In 2007, a woman took four of her sons to see Joanna Jen, a neurologist at the University of California, Los Angeles. The brothers ranged from 5 to 14 years old and all had the same mysterious disease.
The boys had appeared normal at birth, except their muscles were a bit floppy. They quickly got worse. They didn’t gain control of their heads and didn’t grow as they should have. By 10 months, they were smaller than 95 percent of kids their age. They never reached any of their motor milestones, and never learned to eat, stand up, or speak. “They had the sweetest smiles,” Jen recalls. “It was heartbreaking that they were just so severely affected.”
Over the years the family had been to many doctors, who had ordered various brain scans and muscle tests. No one had any idea what was wrong. The parents had nine children, in all, and felt strongly that each one was a gift from god, Jen says. “They were at peace with their children’s condition. But at the same time, they couldn’t help being curious what their children have.”
All of the other doctors had focused on a striking feature in the boys’ brain scans: an especially tiny cerebellum, the bulb at the bottom of the brain that’s involved in movement, balance, and learning. Jen was more intrigued by the boys’ bodies. “What was striking to me was that they had no muscle,” she says. “They were so skinny.”
Jen referred back to the boys’ medical records and found tests indicating irregularities in their spinal motor neurons, which help control muscles. This was odd. There are lots of diseases that stem from problems with motor neurons, like Lou Gehrig’s disease. And there are lots of others that are tied to glitches in the cerebellum. But the combination? “It’s exceptionally unusual,” she says.
Digging through the medical literature for similar cases, Jen found a rare condition — pontocerebellar hypoplasia type 1, or PCH1 — characterized by exactly those two features. A handful of genetic variants had been identified in individuals with this disease, but since they were in different genes, no one know which, if any, were causing trouble.
With these four brothers, all showing exactly the same disease, Jen knew that a genome screen would likely pinpoint the culprit. So her team sequenced the exome (the protein-coding part of the genome) of each boy.
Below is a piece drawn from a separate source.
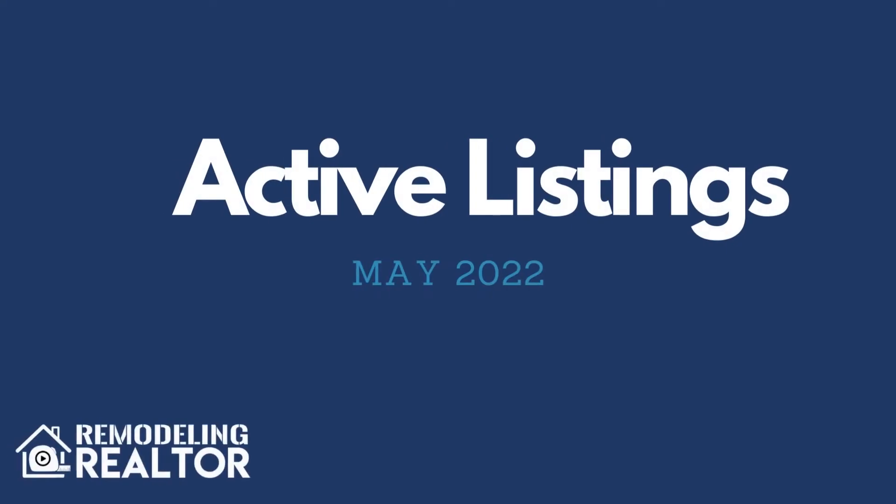The number of new listings for the month of May was 216, which is up by 21 from the month of April when it was 195. The number of active listings for the month of May was 160, which is up by 36 from the month of April when it was 124.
Sure enough, they all carried a mutation in a gene called ‘encoding exosome component 3′ or EXOSC3.
Jen got in touch with the few researchers across the globe who had previously reported cases of PCH1 and asked them for samples of the patients’ DNA. After screening the exomes of 12 additional families, she found 8 with mutations in EXOSC3.
No one ever would have guessed that EXOSC3 is involved in PCH1. As its name suggests, the gene codes for a protein that’s part of the exosome complex, a cellular machine responsible for degrading RNA. In evolutionary time, exosomes are old — found even in simple archaea. That probably means they’re essential for the proper function of a cell.
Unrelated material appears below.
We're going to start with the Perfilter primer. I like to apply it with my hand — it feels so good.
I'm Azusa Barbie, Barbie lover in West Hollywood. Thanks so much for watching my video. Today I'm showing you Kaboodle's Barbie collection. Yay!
Jen’s team engineered an animal model lacking EXOSC3. Unlike the vast majority of biomedical research studies, which depend on rats and mice, hers used eyelash-sized baby zebrafish.
As I describe in a new story in Popular Science, a growing number of researchers are turning to the humble fish to model genetic diseases:
Zebrafish offer three major advantages over rodents. First, they quickly make more zebrafish. A female spawns hundreds of embryos three days after fertilization; mice take three weeks to produce just 10 pups. They are also inexpensive to maintain—about 6.5 cents a day for a tank of a few dozen fish, compared with 90 cents for five mice in a cage. Finally, because larval fish are transparent, researchers can literally watch their organs grow, which makes them especially good for studying problems with organ development.
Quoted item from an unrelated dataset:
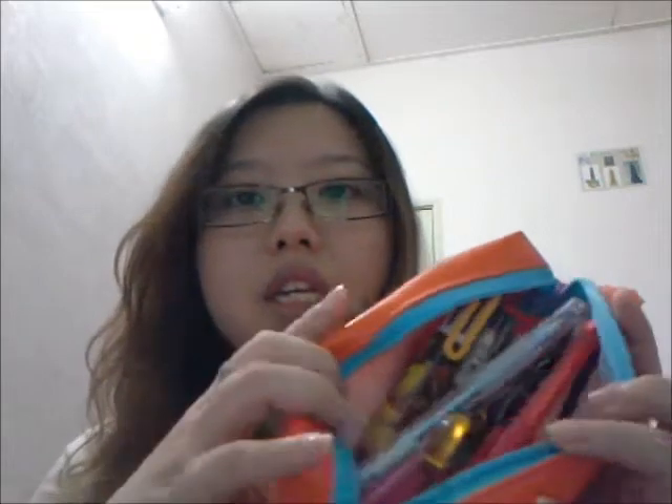The next thing I got is this very cute little pencil case with a colorful blue zipper, orange — it's like a leather type, PVC I think — then yellow and pink. It's just a regular case; you can use this for makeup or anything you want, but I use it for my pencils and pens because I'm attending university.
Jen’s study, for example, showed that fish lacking EXOSC3 have abnormal development, super-small brains and barely move. “By the time the controls are swimming about, [the mutants] are curled up embryos with very little movement,” she says. These experiments proved that this gene is indeed the cause of the boys’ problems. In the world of rare-disease genetics, this was a slam dunk. The data came out last summer in Nature Genetics.
Still, the findings bring up many new questions. Why would messing up a gene so fundamental lead to relatively specific problems in muscle and brain? And within the brain, why the cerebellum, and why neurons? Jen’s team will continue to study the fish to try to figure this all out.
Unfortunately, like most research on rare diseases, none of Jen’s discoveries have yet led to treatments for the boys. The oldest died during the course of the study, when he was 18. Still, the family was happy to finally have a diagnosis, Jen says. And the study did give them a bit of hope, in that two of the eight new patients found with EXOSC3 mutations had survived to adulthood.
After the study came out, one of the boys’ healthy siblings, a 14-year-old brother, offered another kind of hope. “He told me he would like to become a biologist,” Jen says. “And he would like to work in our laboratory, on the zebrafish.”